What happened to Minnesota real estate in late 2012? 2012 in MN was a weird year, it started off with a bang and quickly fizzled only to have a slight bump in late summer and early fall. But yet over all our homes showed appreciation over the past 12 months since late 2011.
I place blame on a few things that made this year’s Minnesota real estate market volatile. Let’s start with the fact this is an election year and not just an election year but a presidential election year. Every 4 years we go through the same chaotic even and our market takes a hit because of the unknown. It sounds dumb and I agree, the election year places a huge toll on our market when the reality is it should not. I’m not sure if it’s just that people are overwhelmed with all that is going on but it happens every 4 years.
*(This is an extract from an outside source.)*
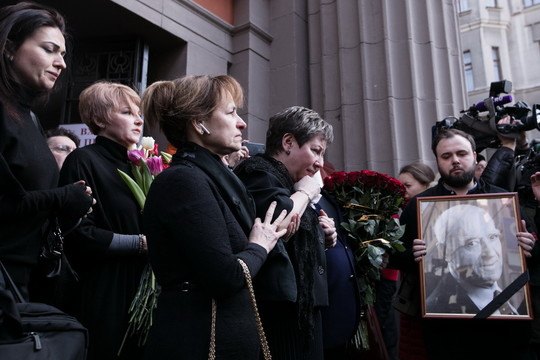 В Москве простились с Владимиром Этушем: пришли Мединский, Маковецкий, Панин, Шендерович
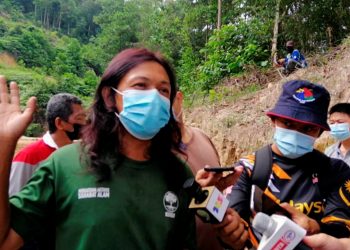 NOOR Ismady Ahmad Radzuan  bercakap kepada pemberita ketika meninjau Air Terjun Tanjung Batu yang musnah akibat kegiatan kuari dekat Manjung baru-baru ini. - PEMBERITA dan GAMBAR: SHAARANI ISMAIL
But the plus side is the year following an election typically rebounds to some extent.
One thing that happened this year that really upset me was the Federal Reserve coming out and stating they will hold rates low until at least 2015! What? Why? I understand we are recovering from bad times but come on! Coming out and basically saying take your time to recover just crushed our momentum! The sense of urgency and desire to buy was just yanked out from under all of us and I can see the buyers reverting back into procrastination and the sellers paying the price. Why buy now, rates will be low for a few year? The reality is, rates may be low but what good does that do when home values are appreciating? Come to think of it isn’t that what happened in the early 2000’s? Low rates and appreciation created a bubble?
Let’s figure this out Washington and meet in the middle on this and stop swinging from one side to the other! So where does that leave Minnesota real estate in 2013? To be honest I think it will be better as things settle down but with low rates taking away some urgency I am hoping and relying on other factors such as job creation and recovery to give the entire market it needs to finally get back to normal. If people can work and rates stay low then that can provide relief in the marketplace if people do realize appreciation means the low rates won’t equal necessarily saving tons of dough. Short sales and foreclosures appear to have peaked about a year ago and while they still exist the overall weight of these homes is no longer causing the negative affects in the Minnesota real estate market.